Robust and efficient solution of the drum problem via Nystrom approximation of the Fredholm determinant

TL;DR

This paper introduces a robust, efficient boundary integral method for solving the drum problem, achieving high accuracy and convergence using Nystrom approximation and Fredholm determinant techniques.

Contribution

It presents a novel approach combining Boyd's root-finding method with a combined field representation, enabling accurate eigenvalue computation for complex domains.

Findings

Achieves 13-digit accuracy in eigenvalue computations.

Demonstrates exponential convergence for analytic boundary domains.

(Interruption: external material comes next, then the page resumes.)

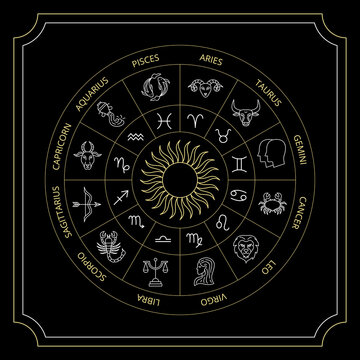 Black Zodiac Circle. Vector Thin Outline Symbols.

Improves efficiency over traditional iterative methods.

Abstract

The drum problem-finding the eigenvalues and eigenfunctions of the Laplacian with Dirichlet boundary condition-has many applications, yet remains challenging for general domains when high accuracy or high frequency is needed. Boundary integral equations are appealing for large-scale problems, yet certain difficulties have limited their use. We introduce two ideas to remedy this: 1) We solve the resulting nonlinear eigenvalue problem using Boyd's method for analytic root-finding applied to the Fredholm determinant. We show that this is many times faster than the usual iterative minimization of a singular value. 2) We fix the problem of spurious exterior resonances via a combined field representation. This also provides the first robust boundary integral eigenvalue method for non-simply-connected domains. We implement the new method in two dimensions using spectrally accurate Nystrom product quadrature. We prove exponential convergence of the determinant at roots for domains with analytic boundary. We demonstrate 13-digit accuracy, and improved efficiency, in a variety of domain shapes including ones with strong exterior resonances.